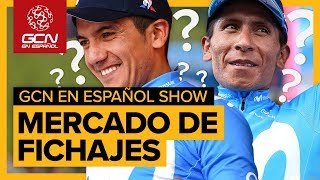 Mercado de fichajes  GCN en español Show 57 [upl. by Davine50]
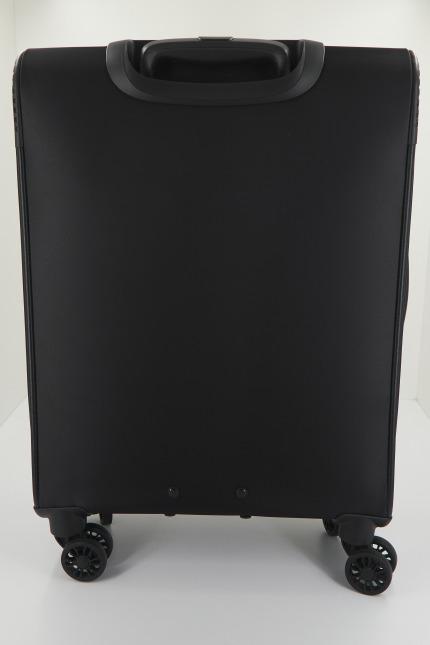 LOVE MOSCHINO VIAGGIO TROLLEY en color NEGRO (3)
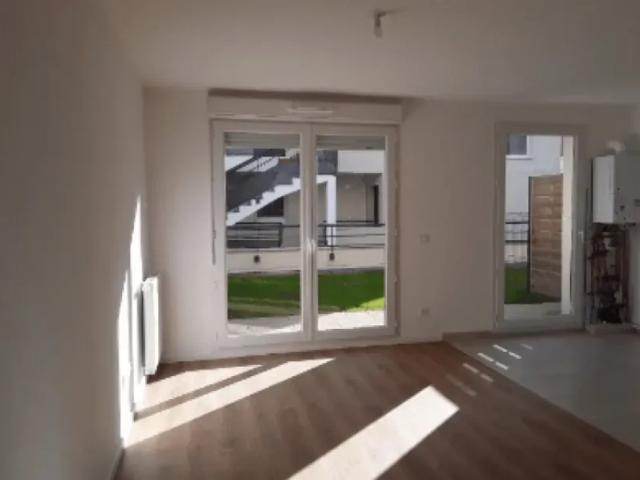 Persan Appartement 2 pièces 43.4 m²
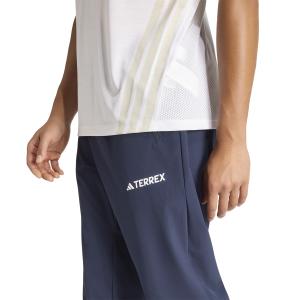 Hiking Trousers adidas Terrex Multi image-4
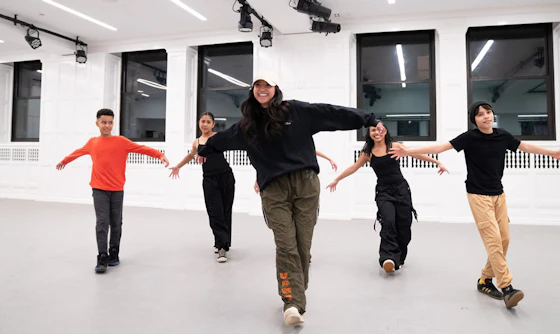 Hip Hop Intermediate (Ages 10+)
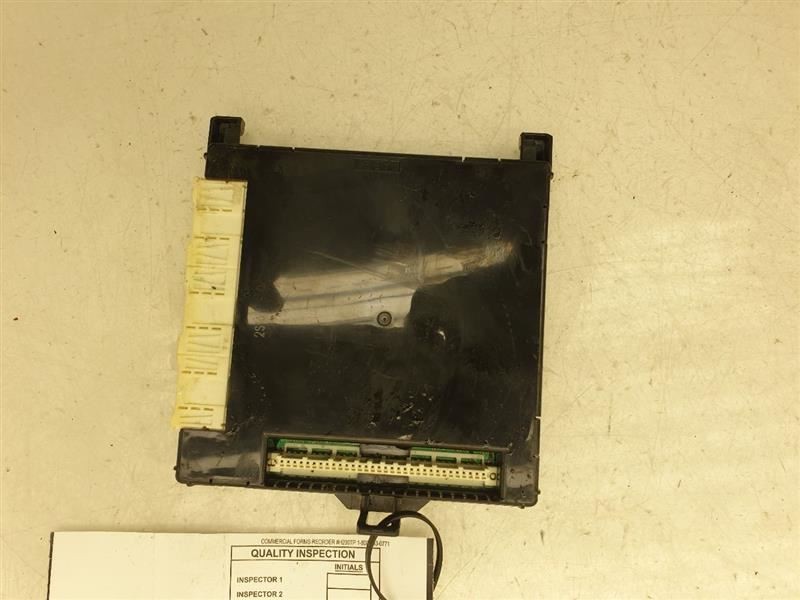 15-16 SCION FR-S MULTIFUNCTION INTEGRATED CONTROL MODULE ECM ASSEMBLY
^^^^^^^^^^^^^^^^
The lines wanted run from the one with "Hip Hop Intermediate (Ages 10+)" through the final line of the data; repeat them word for word and skip every picture.

 Hip Hop Intermediate (Ages 10+)
 15-16 SCION FR-S MULTIFUNCTION INTEGRATED CONTROL MODULE ECM ASSEMBLY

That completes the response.